But I won't. Because I don't believe that he deliberately lied to me. What I think he did was he told me what he believed at the time, and then he changed his mind.
And he kept changing his mind.
It's easy for me to take it personally when somebody tells me something, I write it, and then it turns out to be untrue. The saying in this business is that we're only as good as the information we're given, and despite another old saying - if your mother tells you she loves you, check it out - there was no other way to check out what Ellington has said, and said again, at times.
He told me directly after the 2011 SEC tournament that he wasn't playing football. I still have the recording. You don't get a more accurate source than directly from the person in question.
He issued a statement through USC on March 12 saying he was concentrating solely on basketball. Again, you don't get a more accurate source.
So why have both of them turned out to be as wrong as wrong can be?
Because Ellington, I think, is suffering from what we all have suffered from at one time or another - he's trying to please everybody instead of pleasing himself.
At this point, after another round of flipping back and forth between basketball and football, I felt the same amount of sorrow for Ellington as the amount of frustration I feel because I have to keep writing the same story. He's 20 years old, an outstanding athlete who is good at two sports and could be great at one, and I honestly think he doesn't know what to do.
What he does know is that everybody and their brother, sister, second cousin and next-door neighbor has an opinion on what he "should" do, and all of those people are painfully loud at expressing it.
"He needs to play basketball." "He needs to play football." "He can be the star on the court." "He can be a star on the field." "His pro potential is better if he plays (fill-in-the-blank)."
Ellington chose basketball out of high school, something he declared even after the highest of highs - on the field, grass stains on his jersey, minutes after leading Berkeley High School to the state football championship.

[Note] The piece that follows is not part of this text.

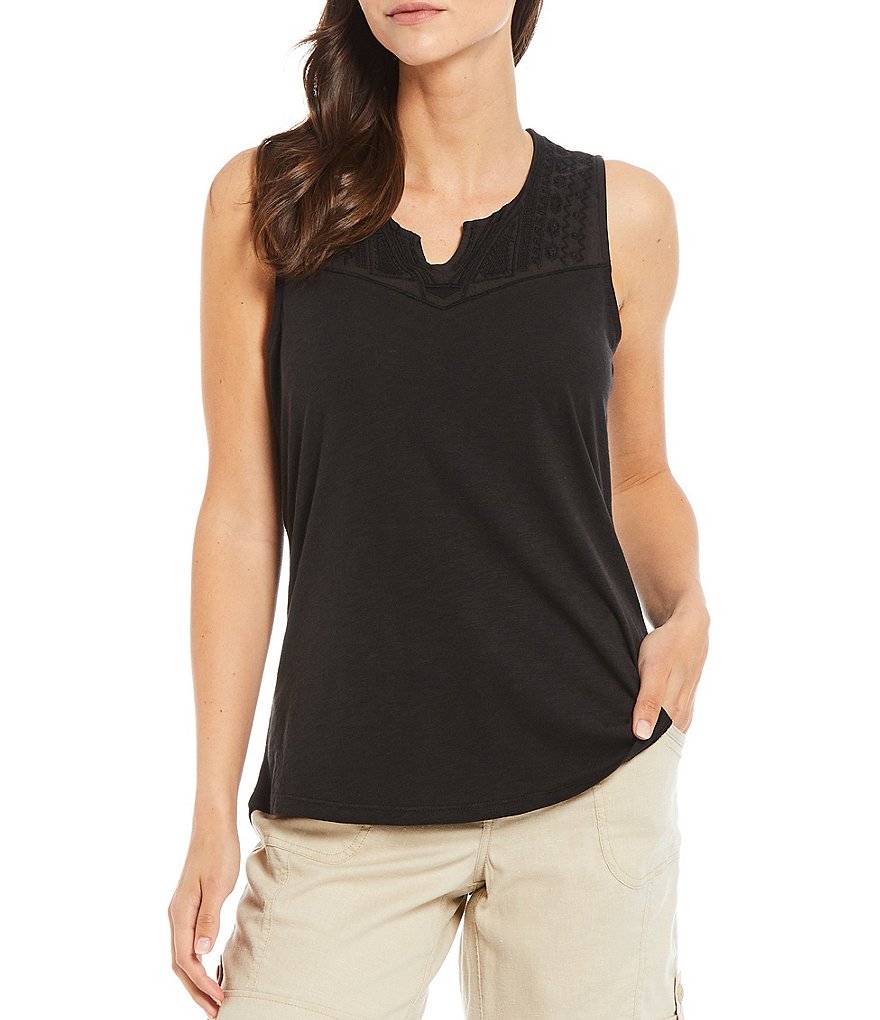 Aventura Cheri Slub Jersey Poplin Organic Cotton Blend Tank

But then the whispers started.
USC's football players cheerfully admitted after the fact that they had recruited Ellington to play football, to come be part of that team as well. Once he joined, coach Steve Spurrier joined the chorus, talking about what an impact Ellington could make as a "Wildcat" quarterback.
Didn't happen. Early in the 2011 season, Ellington's only touches in that formation were in third-and-long situations, or while backed up in his own territory. Then Connor Shaw took over at quarterback, giving the Gamecocks a natural runner who could also throw, and Ellington was relegated to being a spare part of a great team - although he had two outstanding moments.

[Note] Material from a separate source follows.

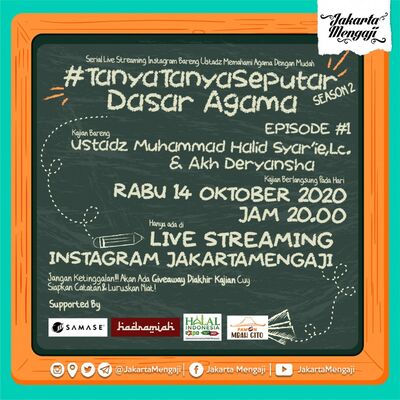 #TanyaTanyaSeputar Eps 1 Dasar Agama with Ustadz Muhammad Halid Syar'ie,Lc & Deryansh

This year, the chances for him to make an impact appear slimmer. Shaw's still there. USC has a bevy of receivers just like Ellington - small, quick and able to run the end-around. If he doesn't break in at kick return - something he was average at last season - where's he going to play?
But I don't believe Ellington's looking at the logistics of that - he just wants to play. At 20 years old, what did you listen to? The logic? Or your friends?
Logic says that Ellington's best chance to make an impact at USC is in basketball. He would play, he would start, and he would probably be the leading scorer. Logic also says that no matter which sport Ellington tries to go pro in, it's going to be a longshot. There's only one Darren Sproles in the NFL. And go ask Devan Downey, twice the scorer that Ellington is, how easy it is to sell NBA teams on being 5-foot-9.
But friends' words and opinions of outsiders trump logic.
They'll argue having fun. They'll argue being part of a team that wins far more than it loses. They'll be just like every other recruiter that's ever resided on the planet - cooing promises of greatness in Ellington's ear and never mentioning that maybe, just maybe, it won't work out.
What may be never known is how Ellington truly feels. I believe we'll never know if he's really happy playing both, or one, or chucking everything and being Bruce Ellington, Normal College Student. It just seems like he's extending himself far too much trying to do what everybody but himself feels like he should do, instead of doing what he wants to do.
If he's happy trying to make other people happy, he's only going to be disappointed.